BEGIN PROVIDED DATA

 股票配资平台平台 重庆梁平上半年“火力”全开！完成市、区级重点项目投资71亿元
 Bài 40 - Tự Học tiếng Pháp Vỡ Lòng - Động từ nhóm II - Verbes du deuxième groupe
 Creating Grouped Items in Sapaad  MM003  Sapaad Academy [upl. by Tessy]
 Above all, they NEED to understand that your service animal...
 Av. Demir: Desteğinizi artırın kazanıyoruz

END PROVIDED DATA
BEGIN PROVIDED DATA

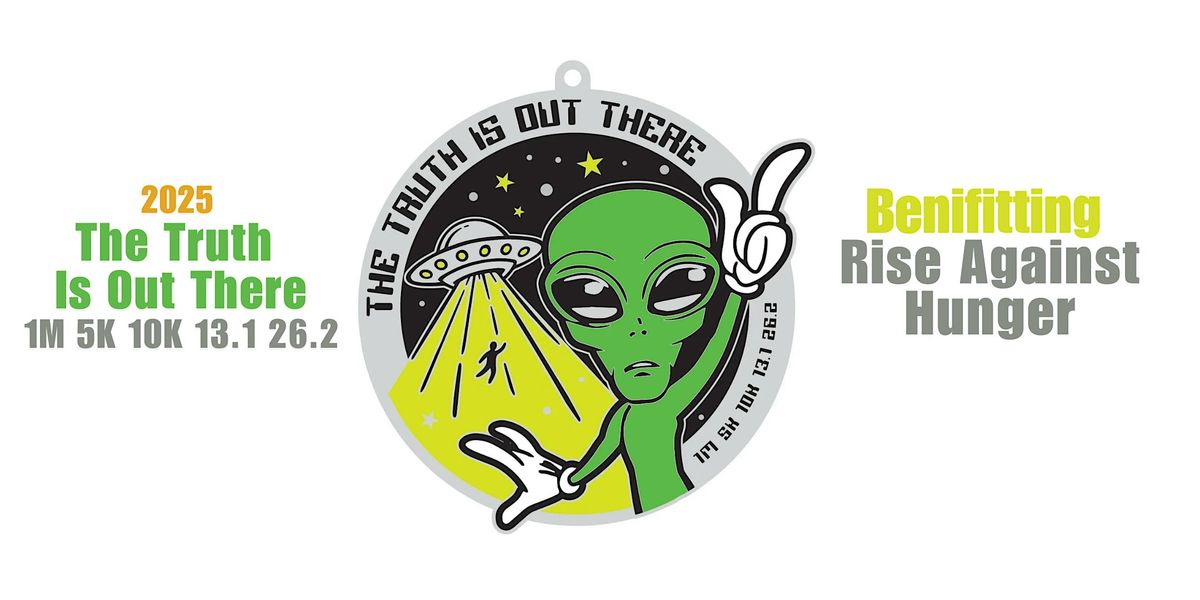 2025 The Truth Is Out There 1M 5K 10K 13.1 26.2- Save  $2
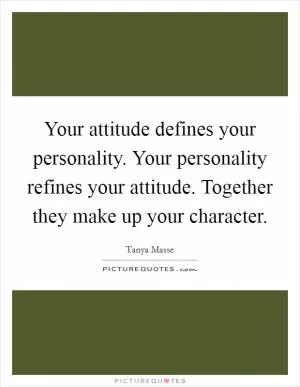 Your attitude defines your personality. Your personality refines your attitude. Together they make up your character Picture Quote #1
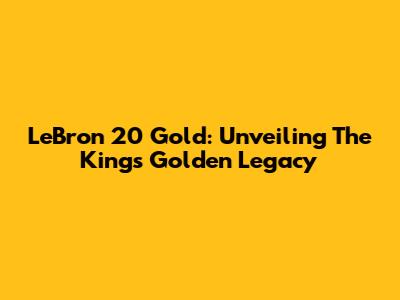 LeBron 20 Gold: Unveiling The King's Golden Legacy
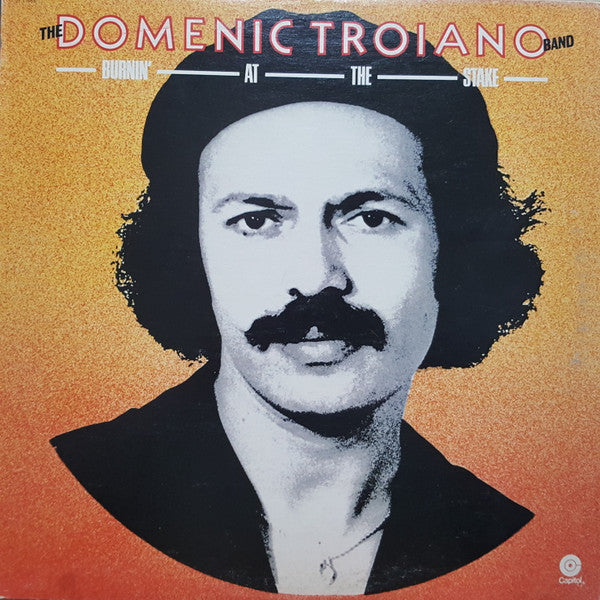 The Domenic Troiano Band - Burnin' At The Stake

END PROVIDED DATA
BEGIN PROVIDED DATA

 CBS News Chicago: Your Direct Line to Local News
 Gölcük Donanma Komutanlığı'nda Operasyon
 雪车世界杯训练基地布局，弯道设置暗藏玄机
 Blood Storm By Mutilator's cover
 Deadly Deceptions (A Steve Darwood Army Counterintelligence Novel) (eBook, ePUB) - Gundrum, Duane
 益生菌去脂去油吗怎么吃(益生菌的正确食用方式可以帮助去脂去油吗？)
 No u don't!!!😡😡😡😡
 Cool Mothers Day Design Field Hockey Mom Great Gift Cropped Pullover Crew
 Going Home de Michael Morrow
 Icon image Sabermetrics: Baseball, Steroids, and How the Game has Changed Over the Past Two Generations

END PROVIDED DATA

> **TASK DIRECTIONS**:
Exactly the lines above, from the one containing "2025 The Truth" down to the one containing "The Domenic Troiano", are to be repeated, including both ends. Pictures are not part of the copy.

> **RESPONSE TO THIS TASK**:
 2025 The Truth Is Out There 1M 5K 10K 13.1 26.2- Save  $2
 Your attitude defines your personality. Your personality refines your attitude. Together they make up your character Picture Quote #1
 LeBron 20 Gold: Unveiling The King's Golden Legacy
 The Domenic Troiano Band - Burnin' At The Stake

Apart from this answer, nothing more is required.